* [PROVIDED DATA]
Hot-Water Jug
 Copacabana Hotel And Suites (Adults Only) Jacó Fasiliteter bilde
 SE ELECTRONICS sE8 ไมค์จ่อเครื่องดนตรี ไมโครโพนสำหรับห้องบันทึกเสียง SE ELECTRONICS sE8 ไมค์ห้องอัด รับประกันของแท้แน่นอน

* [WORK TO COMPLETE] From the first line to the last, copy the data exactly.

* [ANSWER SECTION]
Hot-Water Jug
 Copacabana Hotel And Suites (Adults Only) Jacó Fasiliteter bilde
 SE ELECTRONICS sE8 ไมค์จ่อเครื่องดนตรี ไมโครโพนสำหรับห้องบันทึกเสียง SE ELECTRONICS sE8 ไมค์ห้องอัด รับประกันของแท้แน่นอน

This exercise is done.